EXERCISE:
Provide an exact copy of the data, excluding the images.

[DATA EXCERPT — start]

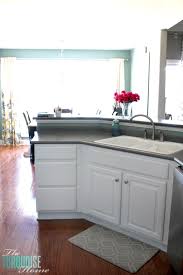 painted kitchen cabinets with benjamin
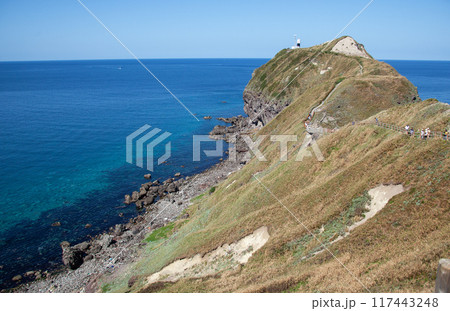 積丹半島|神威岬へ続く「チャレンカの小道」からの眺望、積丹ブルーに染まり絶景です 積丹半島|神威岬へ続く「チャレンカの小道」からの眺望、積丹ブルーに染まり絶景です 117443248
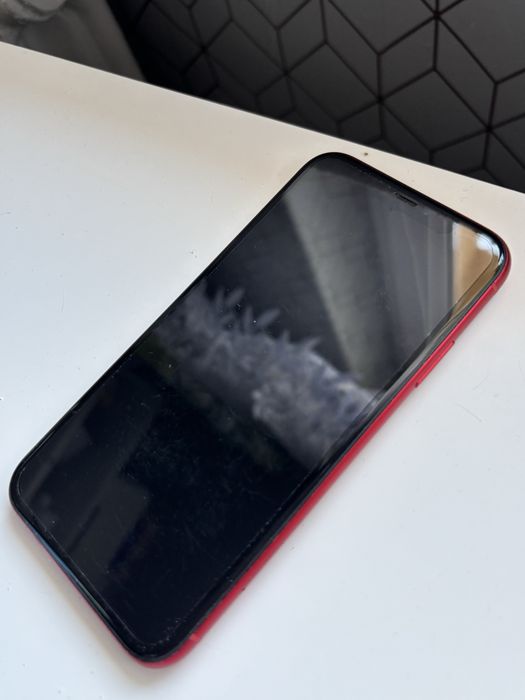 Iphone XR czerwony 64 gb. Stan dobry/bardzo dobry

[DATA EXCERPT — finish]

WRITTEN SOLUTION:
 painted kitchen cabinets with benjamin
 積丹半島|神威岬へ続く「チャレンカの小道」からの眺望、積丹ブルーに染まり絶景です 積丹半島|神威岬へ続く「チャレンカの小道」からの眺望、積丹ブルーに染まり絶景です 117443248
 Iphone XR czerwony 64 gb. Stan dobry/bardzo dobry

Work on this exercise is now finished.